St Dysmus's Hosptial
The citizens of
New London are not really the type to attend hospital.
Built into the people and the land seems to be some
belief that healing comes from herbs and rituals,
rather than syringes. And so the hospital is a place
for tourists and those who are in no fit state to
argue.
The building itself
sits uneasily in the swamps, a crumbling neo-classical
temple to science and Grecian ideals, a long history
of repairs rather than investment behind it. The
frontage looks much as it did when it was first
built, save the hundred or so years the swamp has
had to intrude on it.
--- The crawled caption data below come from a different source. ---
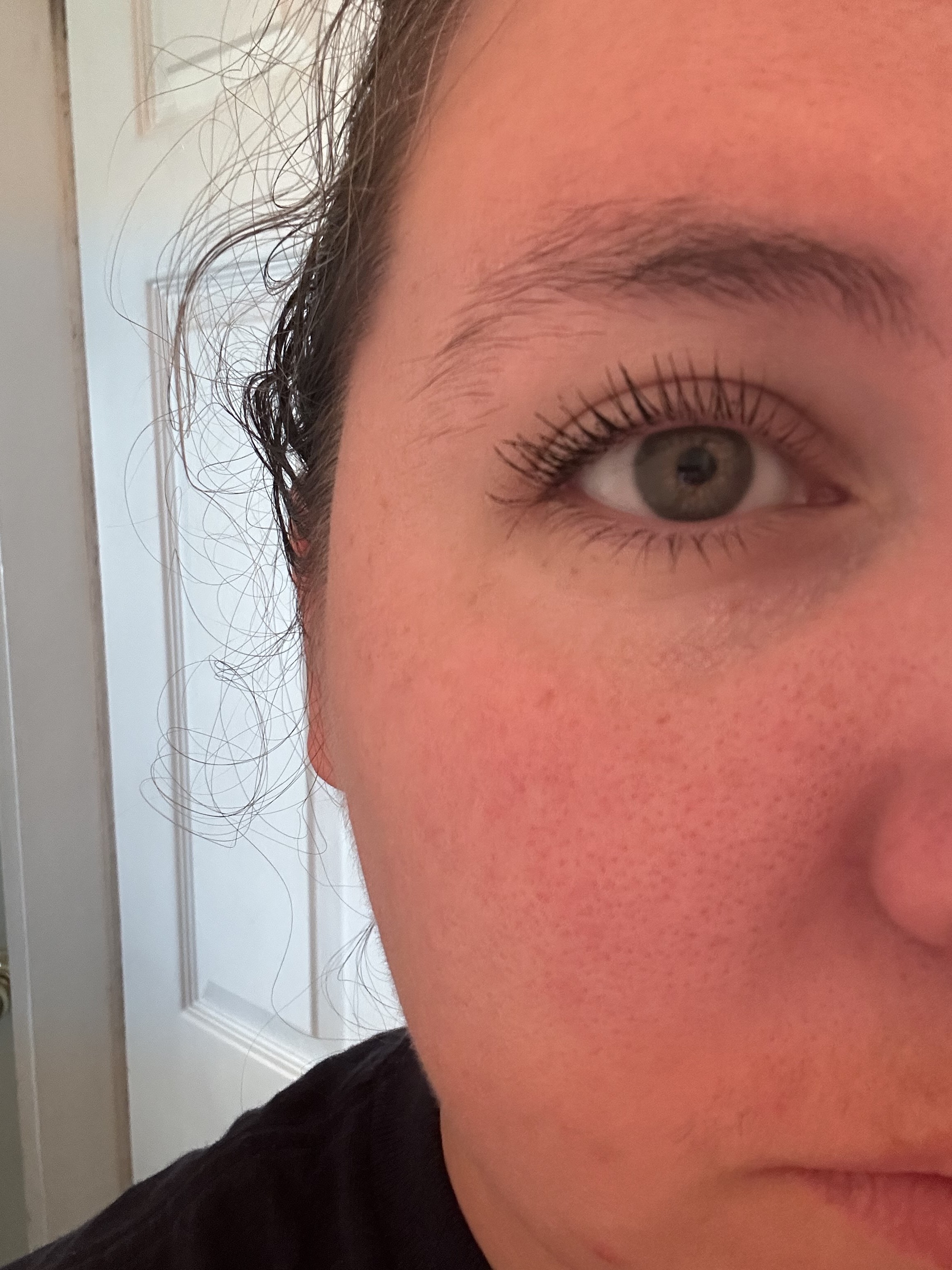 After, with just ONE coat of this mascara!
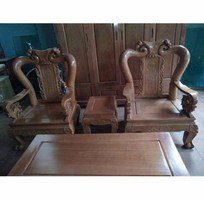 5 Bộ bàn ghế giả cổ Minh Quốc đào tay 10 và tay 12 gỗ sồi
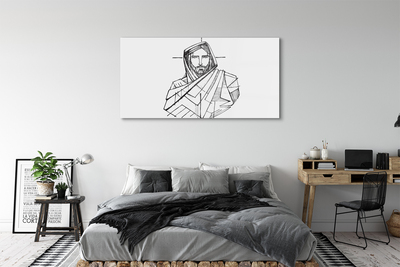 Plexiglas foto Tekening jezus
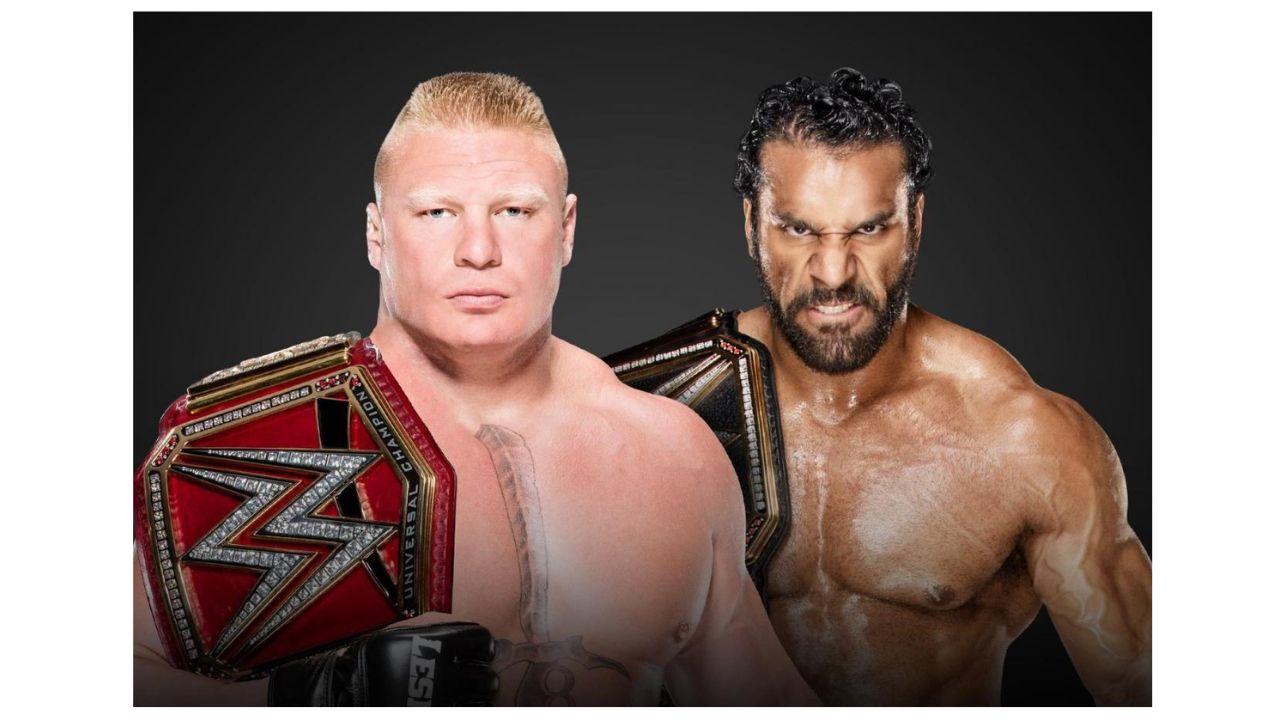 Brock Lesnar and Jinder Mahal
Dotted around the building,
growing out it like fungus on a tree, are newer
additions that make almost no attempt to be sympathetic
to the original architecture, 1950's and 1970's
pre-fabricated constructions bolted on where ever
they were needed.
The inside is much
like that of hospitals everywhere. The clinical
white corridors twist and turn, rooms and wards
budding off them as they make their way between
stairwells. Some sections are now unsafe due to
the intrusion of the environment, and sit slowly
decaying behind closed, locked doors or plasterboard
walls.
The subterranean
basement levels hold their own mortuary and incinerator,
the chimneys coiling up inside the building and
raising to almost gothic towers above the roof,
the smoke of undefined medical waste drifting away
from them and into the air.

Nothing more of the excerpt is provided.